§ **THE DATA**
============

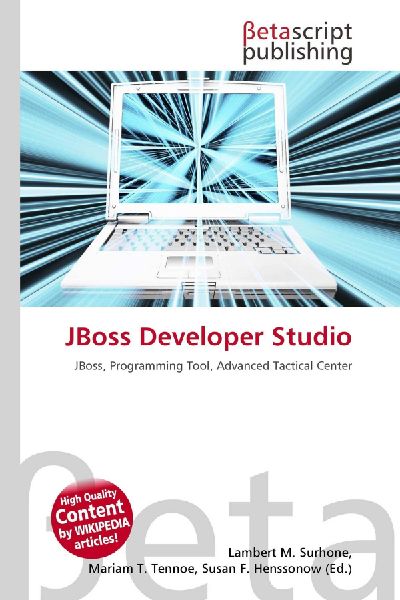 JBoss Developer Studio: JBoss, Programming Tool, Advanced Tactical Center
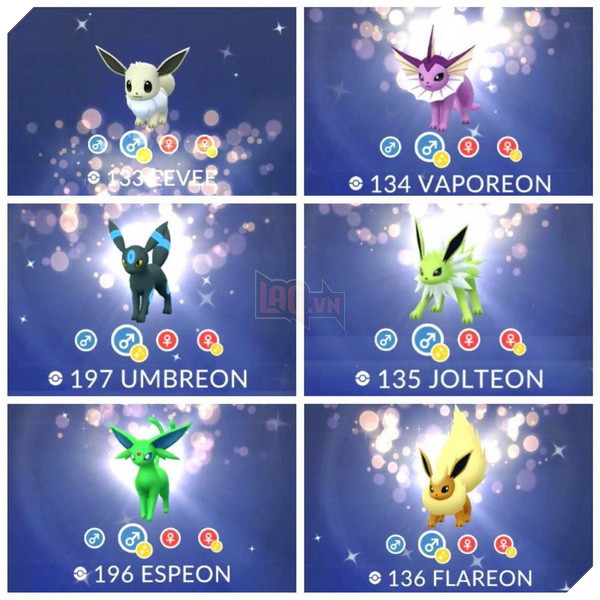 Pokemon Go ra mắt sự kiện mới với chủ đề Tiến Hóa ngay hôm nay 3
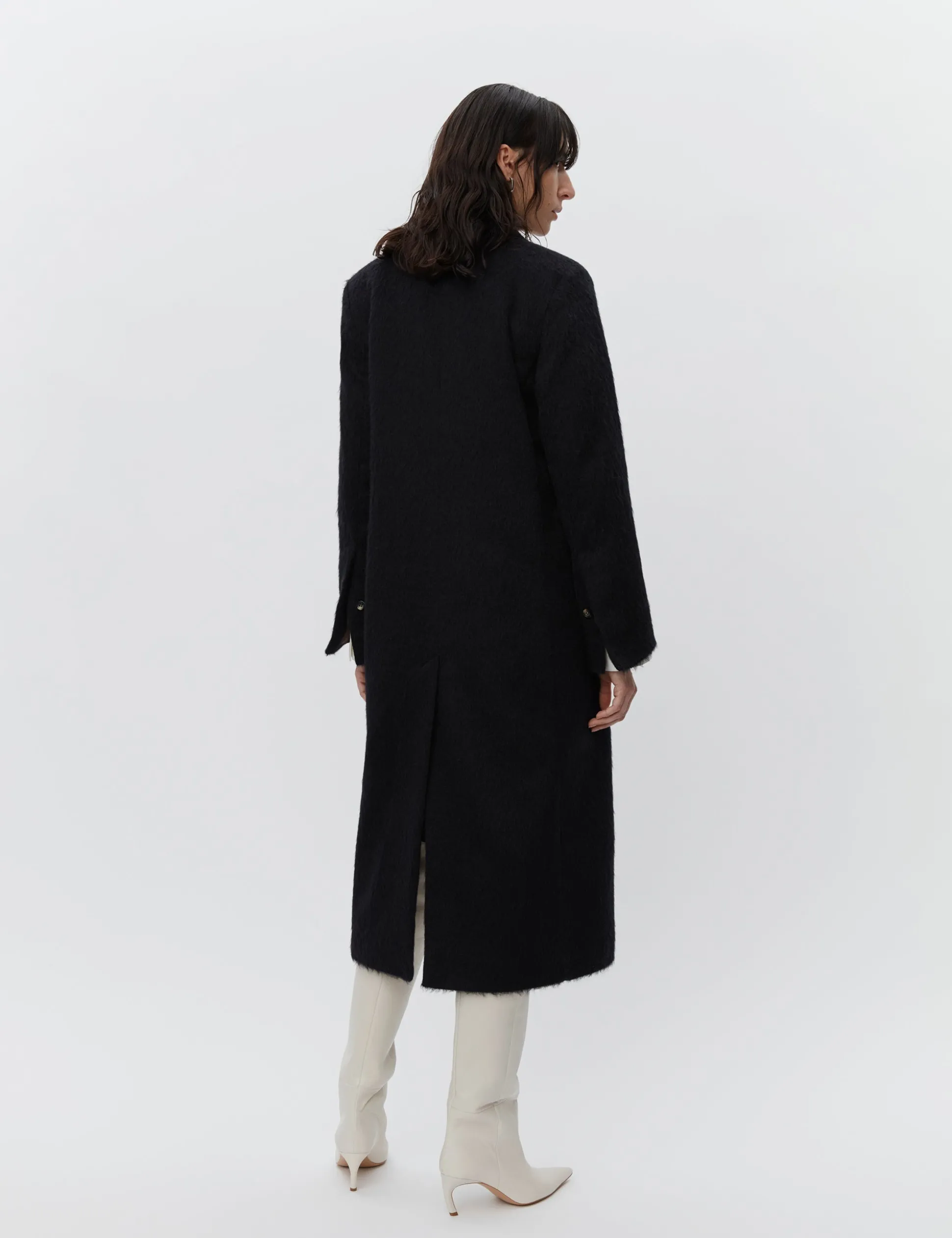 Franka - Fuzzy Autumn - BLACK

============

Your answer must be an exact copy of the listing, with every picture omitted.

§ **SOLVED EXERCISE**
 JBoss Developer Studio: JBoss, Programming Tool, Advanced Tactical Center
 Pokemon Go ra mắt sự kiện mới với chủ đề Tiến Hóa ngay hôm nay 3
 Franka - Fuzzy Autumn - BLACK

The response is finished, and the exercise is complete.